- _ASSIGNMENT_: Below are the entries. Print only the lines starting at the one with "9 - Image 2" and ending at the one with "國(guó)瓷永豐源Aura", exactly, with no pictures.

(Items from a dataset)

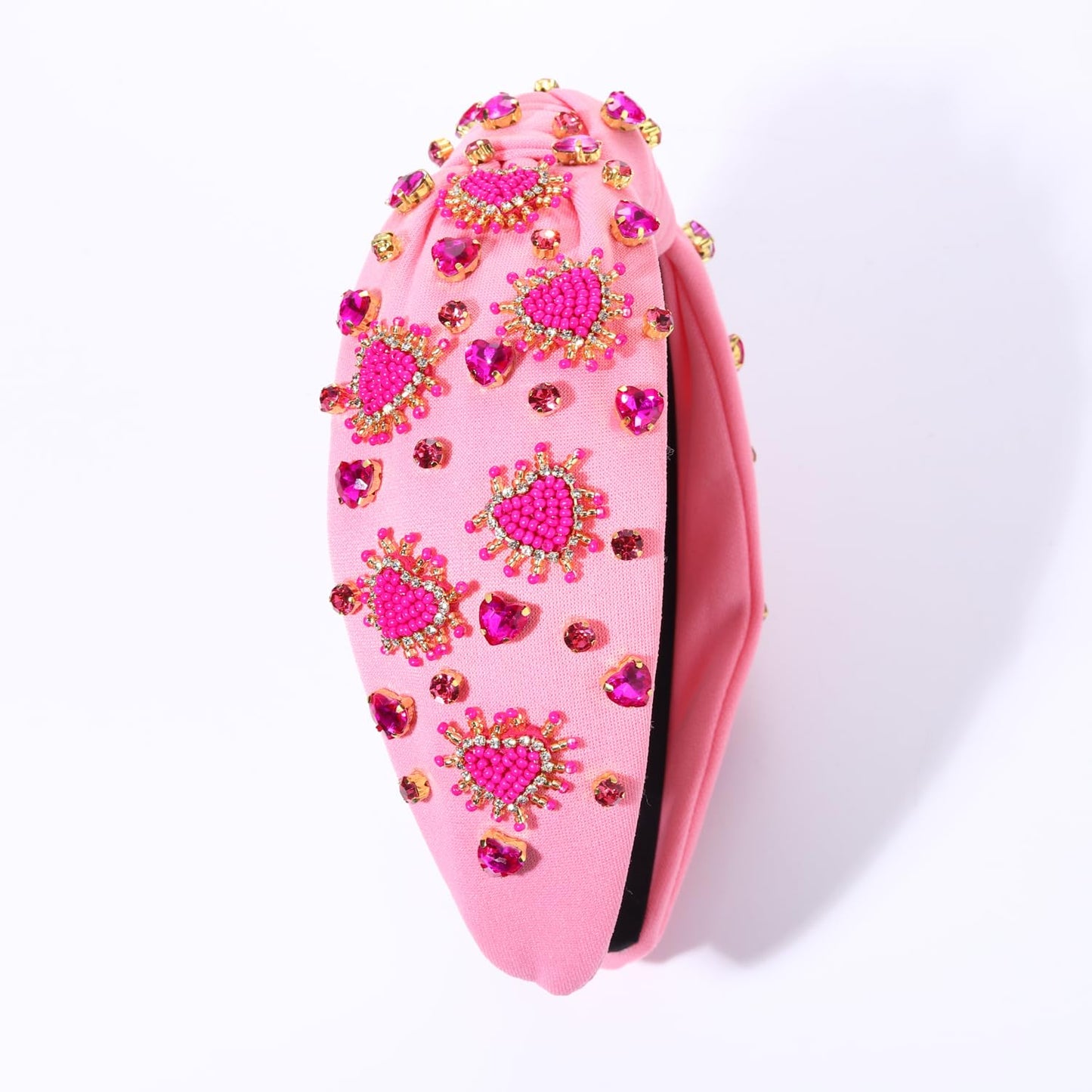 NVENF Women's Jeweled Crystal Rhinestone Knotted Headband - Red Pink Wide Top Knot Hair Accessory Gift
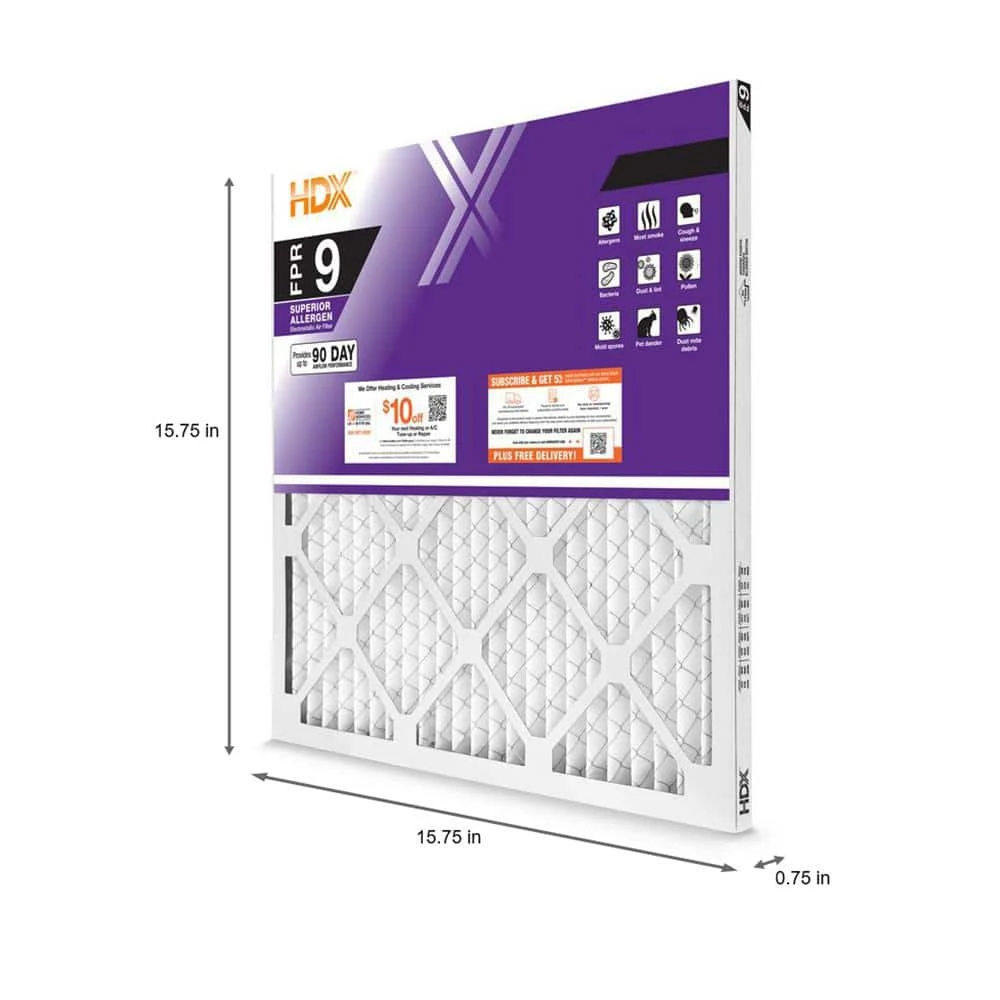HDX 16 in. x 16 in. x 1 in. Superior Pleated Air Filter FPR 9 2 HDX 16 in. x 16 in. x 1 in. Superior Pleated Air Filter FPR 9 - Image 2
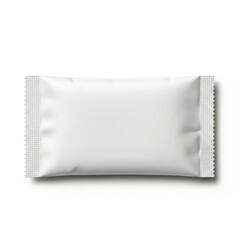 Empty White Sachet with Sealed Edges on White Background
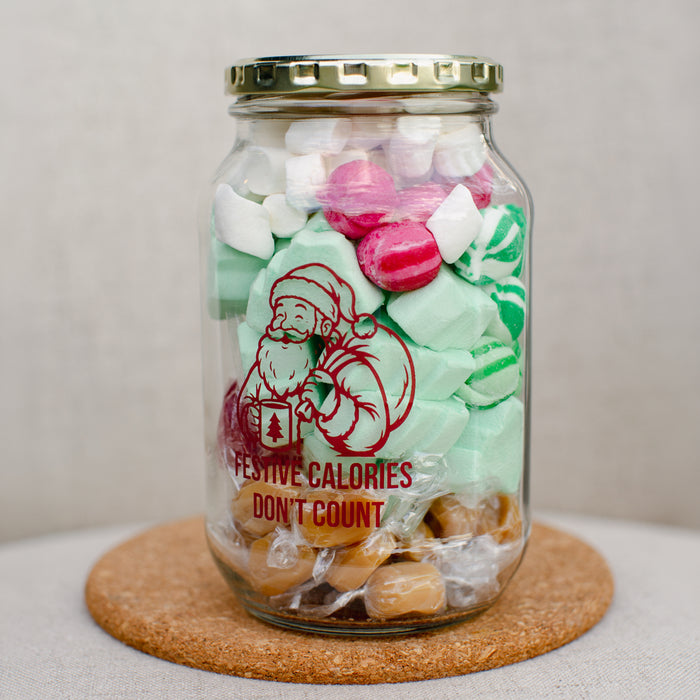 Consol Glass Festive Santa Jar 1000ml (1L) with lid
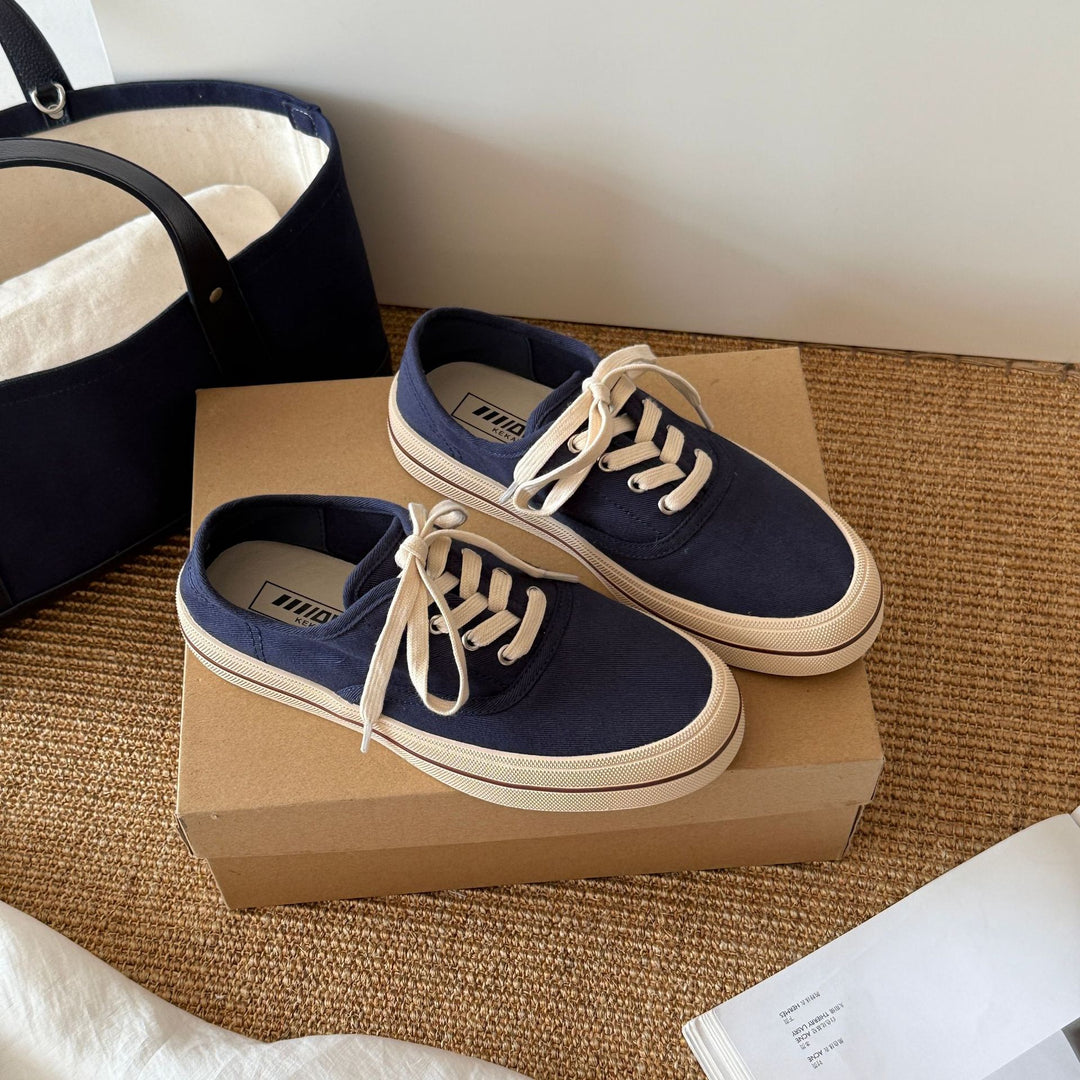 Damen Sportliche Canvas Sneakers im zeitlosen und minimalistischen Design EB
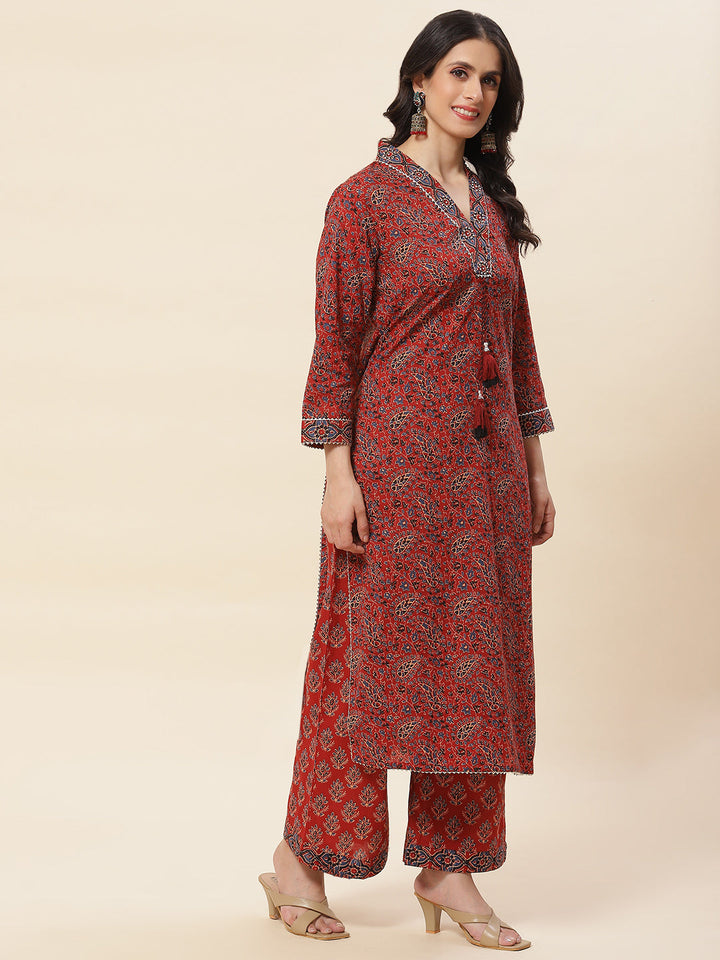 Paisley Printed Cotton Kurta With Pants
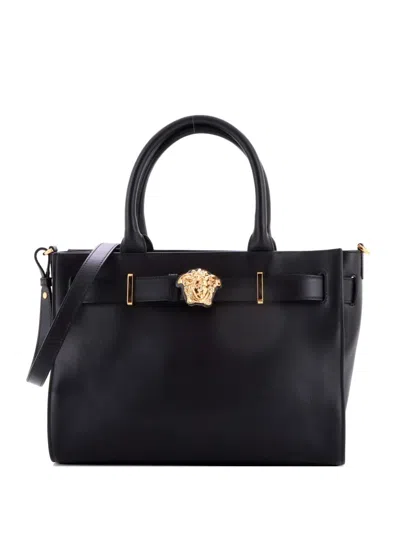 Pre-owned Versace Palazzo Medusa Belted Convertible Leather Large Tote Bag In Black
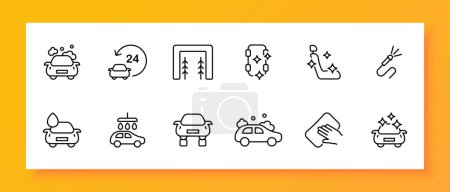 Illustration for Car wash icon set. Foam, graying, washcloth, water flow, cleanliness, polishing, drop, soap. Black icon on a white background. Vector line icon for business and advertising - Royalty Free Image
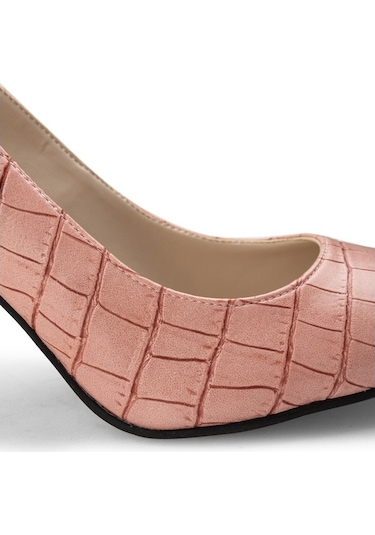 Deery Pembe Kroko Stiletto Kadın Topuklu Ayakkabı Pembe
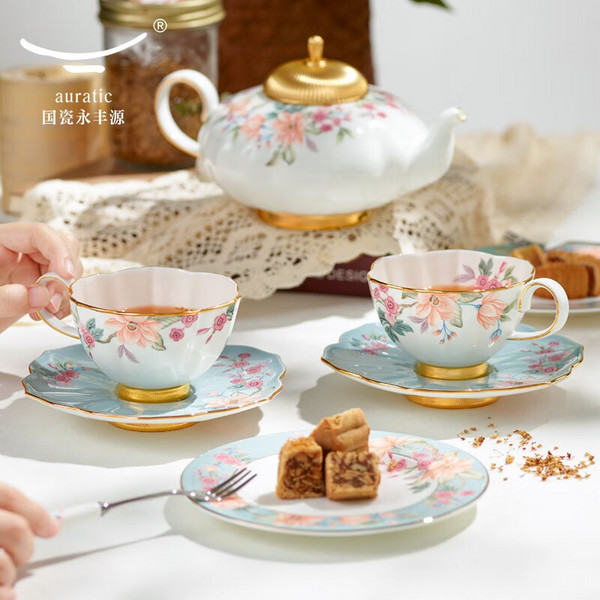 國(guó)瓷永豐源Auratic天青時(shí)代26頭茶咖具精致下午茶陶瓷杯碟 輕奢描金茶咖杯26頭茶咖具
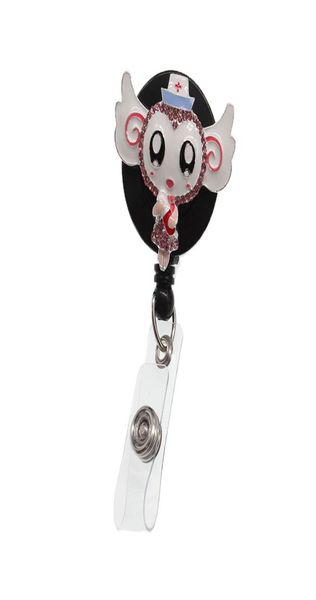 10 Stück Strass Krankenschwester Mädchen Ausweishalter Medizinischer Strass Retractable Badge Reel4226043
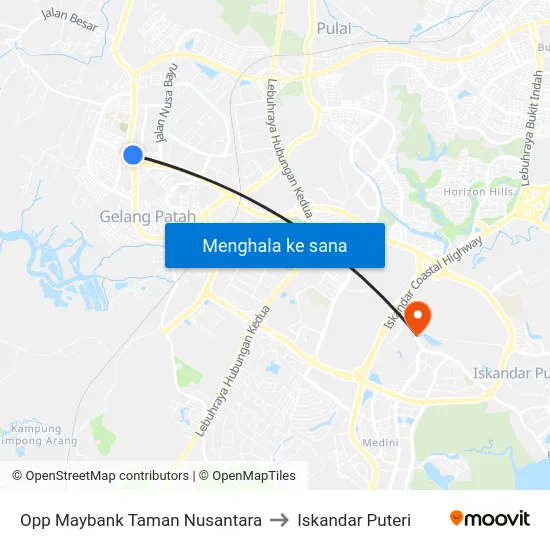 Opp Maybank Taman Nusantara to Iskandar Puteri map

- _PROBLEM SOLUTION_:
HDX 16 in. x 16 in. x 1 in. Superior Pleated Air Filter FPR 9 2 HDX 16 in. x 16 in. x 1 in. Superior Pleated Air Filter FPR 9 - Image 2
 Empty White Sachet with Sealed Edges on White Background
 Consol Glass Festive Santa Jar 1000ml (1L) with lid
 Damen Sportliche Canvas Sneakers im zeitlosen und minimalistischen Design EB
 Paisley Printed Cotton Kurta With Pants
 Pre-owned Versace Palazzo Medusa Belted Convertible Leather Large Tote Bag In Black
 Illustration for Car wash icon set. Foam, graying, washcloth, water flow, cleanliness, polishing, drop, soap. Black icon on a white background. Vector line icon for business and advertising - Royalty Free Image
 Deery Pembe Kroko Stiletto Kadın Topuklu Ayakkabı Pembe
 國(guó)瓷永豐源Auratic天青時(shí)代26頭茶咖具精致下午茶陶瓷杯碟 輕奢描金茶咖杯26頭茶咖具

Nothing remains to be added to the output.